Speaker: Dr. Rahul Urgaonkar IBM Research, TJ Watson
Time: 2015-04-24 11:00-2015-04-24 12:00
Venue: FIT 1-312
Edge-clouds provide a promising approach to significantly improve network operational costs by moving computation closer to the network edge. A key challenge in such systems is to decide where and when services should be migrated in response to user mobility and demand variation. The objective is to optimize operational costs while providing rigorous performance guarantees. In this work, we model this as a sequential decision making problem using Markov Decision Process (MDP). However, departing from traditional solution methods (such as dynamic programming) that require extensive statistical knowledge and are computationally prohibitive, we develop a novel alternate methodology. First we establish an interesting decoupling property of the MDP that reduces it to two independent MDPs on disjoint state spaces. Then, using the technique of Lyapunov optimization over renewals, we design an online control algorithm for the decoupled problem that is provably cost-optimal. This algorithm does not require any statistical knowledge of the system parameters and can be implemented efficiently. We validate the performance of our algorithm using extensive trace-drive simulations. Our overall approach in general and can be applied to other MDPs that possess a similar decoupling property.

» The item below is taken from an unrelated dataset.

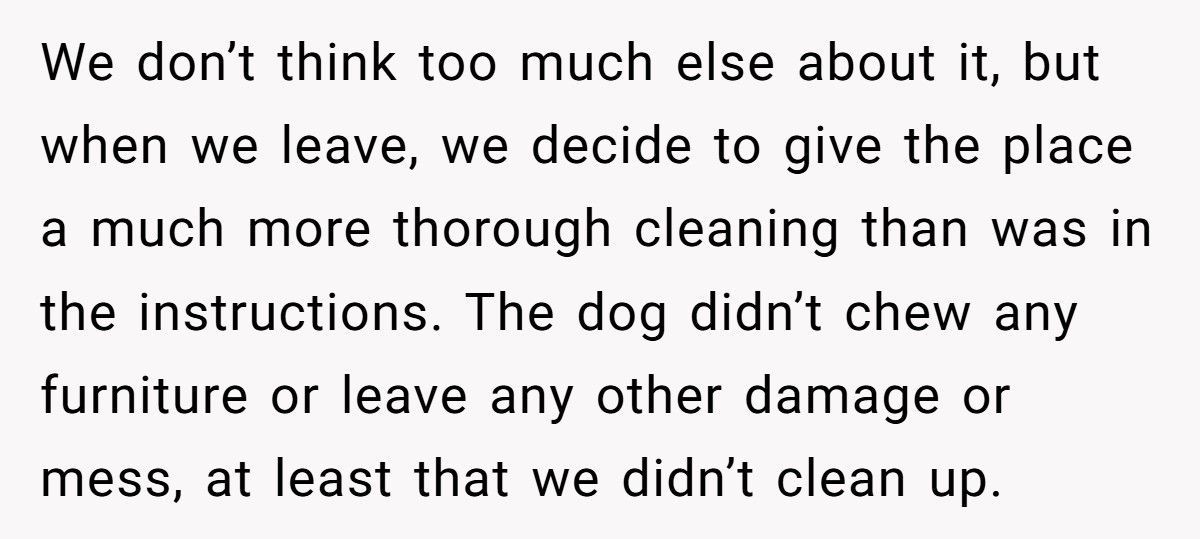 Airbnb Host Tried To Shame Guest In Review, Lost $200 Instead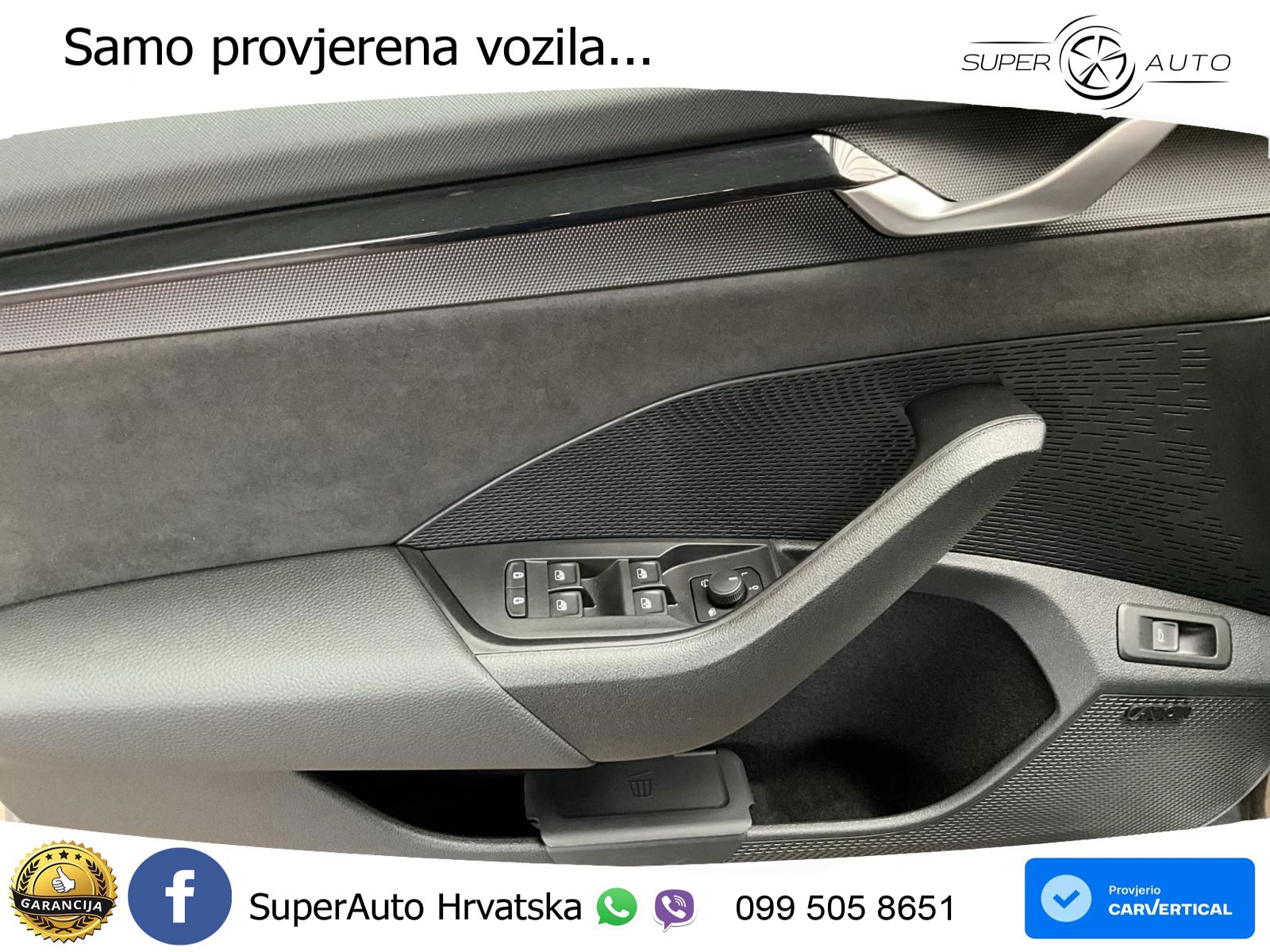 Škoda Octavia Combi RS 2.0 TSI (265 KS) DSG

Rahul Urgaonkar is a Research Staff Member with the Cloud-Based Networks group at the IBM TJ Watson Research Center. He is currently a task lead on the US Army Research Laboratory (ARL) funded Network Science Collaborative Technology Alliance (NS CTA) program. He is also a Primary Researcher in the US/UK International Technology Alliance (ITA) research programs. His research is in the area of stochastic optimization, algorithm design and control with applications to communication networks and cloud-computing systems. Before joining IBM research, Rahul was a Scientist with the Network Research group at Raytheon BBN Technologies where he worked on several government funded projects, including the NS CTA and ITA programs. He obtained his Masters and PhD degrees from the University of Southern California in 2005 and 2011 respectively and his Bachelor’s degree (all in Electrical Engineering) from the Indian Institute of Technology Bombay in 2002.